- **Requirement**: Only one stretch of the listing below is wanted. Begin at the line that has "Property photo of", stop after the line that has "Germany, Berlin, 01.03.2024, Olympic", and repeat every line in between exactly.

- - -

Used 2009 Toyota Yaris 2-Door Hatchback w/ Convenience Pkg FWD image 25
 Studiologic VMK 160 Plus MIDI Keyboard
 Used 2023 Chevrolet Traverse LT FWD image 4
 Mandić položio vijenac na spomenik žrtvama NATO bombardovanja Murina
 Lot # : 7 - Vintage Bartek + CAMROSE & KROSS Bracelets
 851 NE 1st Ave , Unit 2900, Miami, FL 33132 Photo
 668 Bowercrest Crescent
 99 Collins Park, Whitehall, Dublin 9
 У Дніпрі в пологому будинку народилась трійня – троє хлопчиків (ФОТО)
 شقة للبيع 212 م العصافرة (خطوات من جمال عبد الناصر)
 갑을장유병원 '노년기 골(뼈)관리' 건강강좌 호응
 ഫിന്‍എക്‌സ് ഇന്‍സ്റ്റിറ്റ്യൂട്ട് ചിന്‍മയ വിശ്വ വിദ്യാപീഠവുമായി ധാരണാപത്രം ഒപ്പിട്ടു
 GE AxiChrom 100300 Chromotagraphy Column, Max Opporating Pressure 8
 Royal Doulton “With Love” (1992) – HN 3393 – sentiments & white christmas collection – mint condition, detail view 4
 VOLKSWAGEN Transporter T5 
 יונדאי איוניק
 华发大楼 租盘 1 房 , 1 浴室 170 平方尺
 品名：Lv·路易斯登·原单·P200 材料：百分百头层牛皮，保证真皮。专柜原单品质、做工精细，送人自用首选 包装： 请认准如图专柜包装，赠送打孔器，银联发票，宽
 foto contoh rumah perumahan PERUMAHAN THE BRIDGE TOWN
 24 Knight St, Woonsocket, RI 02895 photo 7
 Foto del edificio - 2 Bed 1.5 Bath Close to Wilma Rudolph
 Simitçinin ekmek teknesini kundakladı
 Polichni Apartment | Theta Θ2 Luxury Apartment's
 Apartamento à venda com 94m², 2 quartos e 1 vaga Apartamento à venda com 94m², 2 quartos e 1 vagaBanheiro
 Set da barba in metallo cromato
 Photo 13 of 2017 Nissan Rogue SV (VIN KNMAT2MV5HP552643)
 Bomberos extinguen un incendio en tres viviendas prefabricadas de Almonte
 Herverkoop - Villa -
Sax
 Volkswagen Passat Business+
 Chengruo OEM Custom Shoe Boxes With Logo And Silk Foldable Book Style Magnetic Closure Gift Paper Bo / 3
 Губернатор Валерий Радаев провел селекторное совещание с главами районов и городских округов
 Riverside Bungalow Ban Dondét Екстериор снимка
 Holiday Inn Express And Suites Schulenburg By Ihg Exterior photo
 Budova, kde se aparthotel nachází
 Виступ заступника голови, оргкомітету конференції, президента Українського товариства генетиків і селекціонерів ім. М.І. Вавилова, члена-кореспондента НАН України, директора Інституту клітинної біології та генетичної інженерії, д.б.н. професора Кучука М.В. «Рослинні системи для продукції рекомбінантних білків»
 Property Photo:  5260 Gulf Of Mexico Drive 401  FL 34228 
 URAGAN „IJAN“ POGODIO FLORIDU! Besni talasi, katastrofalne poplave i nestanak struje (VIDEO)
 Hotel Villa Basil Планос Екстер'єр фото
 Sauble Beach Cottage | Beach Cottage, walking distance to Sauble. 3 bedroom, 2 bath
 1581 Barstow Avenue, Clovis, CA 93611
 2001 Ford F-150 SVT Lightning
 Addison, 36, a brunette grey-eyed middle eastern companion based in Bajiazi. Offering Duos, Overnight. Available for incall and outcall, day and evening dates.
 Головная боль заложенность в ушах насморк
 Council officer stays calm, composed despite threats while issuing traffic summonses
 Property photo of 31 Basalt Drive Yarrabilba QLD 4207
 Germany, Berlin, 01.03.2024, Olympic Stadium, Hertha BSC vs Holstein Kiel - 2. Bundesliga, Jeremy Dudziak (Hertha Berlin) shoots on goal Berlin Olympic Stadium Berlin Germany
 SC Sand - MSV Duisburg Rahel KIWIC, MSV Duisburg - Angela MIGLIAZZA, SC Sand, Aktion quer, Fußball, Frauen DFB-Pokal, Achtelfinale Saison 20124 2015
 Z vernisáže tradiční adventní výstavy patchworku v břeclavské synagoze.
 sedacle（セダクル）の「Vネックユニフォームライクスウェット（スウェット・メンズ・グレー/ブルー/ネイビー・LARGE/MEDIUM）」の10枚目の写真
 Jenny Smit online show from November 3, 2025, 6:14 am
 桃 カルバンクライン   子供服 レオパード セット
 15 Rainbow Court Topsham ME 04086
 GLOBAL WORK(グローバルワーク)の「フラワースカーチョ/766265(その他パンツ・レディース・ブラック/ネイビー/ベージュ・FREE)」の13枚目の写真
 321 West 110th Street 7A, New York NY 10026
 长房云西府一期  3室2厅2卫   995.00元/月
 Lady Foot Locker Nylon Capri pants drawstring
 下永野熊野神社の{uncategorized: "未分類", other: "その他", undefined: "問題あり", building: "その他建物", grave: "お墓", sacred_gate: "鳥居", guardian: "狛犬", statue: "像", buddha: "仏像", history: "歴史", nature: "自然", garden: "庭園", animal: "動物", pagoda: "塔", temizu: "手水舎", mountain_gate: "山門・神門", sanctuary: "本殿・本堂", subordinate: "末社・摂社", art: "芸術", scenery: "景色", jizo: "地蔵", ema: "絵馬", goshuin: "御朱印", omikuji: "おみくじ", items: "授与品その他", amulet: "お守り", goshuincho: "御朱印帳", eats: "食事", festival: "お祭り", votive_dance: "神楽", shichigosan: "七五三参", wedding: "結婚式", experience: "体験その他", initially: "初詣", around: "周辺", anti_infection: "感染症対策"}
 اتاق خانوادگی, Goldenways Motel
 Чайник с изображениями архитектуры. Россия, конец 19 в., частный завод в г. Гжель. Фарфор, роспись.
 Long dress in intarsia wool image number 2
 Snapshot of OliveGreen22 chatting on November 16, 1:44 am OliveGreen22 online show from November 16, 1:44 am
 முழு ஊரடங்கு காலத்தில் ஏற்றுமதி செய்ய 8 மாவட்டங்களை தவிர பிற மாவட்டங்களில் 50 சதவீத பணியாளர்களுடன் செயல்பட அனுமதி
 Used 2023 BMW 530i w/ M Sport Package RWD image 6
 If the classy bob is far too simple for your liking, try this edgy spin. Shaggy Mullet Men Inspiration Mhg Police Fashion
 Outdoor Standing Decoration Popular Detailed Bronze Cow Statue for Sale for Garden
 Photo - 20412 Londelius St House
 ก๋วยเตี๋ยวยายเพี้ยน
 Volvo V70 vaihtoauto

- - -

- **The answer**:
 Property photo of 31 Basalt Drive Yarrabilba QLD 4207
 Germany, Berlin, 01.03.2024, Olympic Stadium, Hertha BSC vs Holstein Kiel - 2. Bundesliga, Jeremy Dudziak (Hertha Berlin) shoots on goal Berlin Olympic Stadium Berlin Germany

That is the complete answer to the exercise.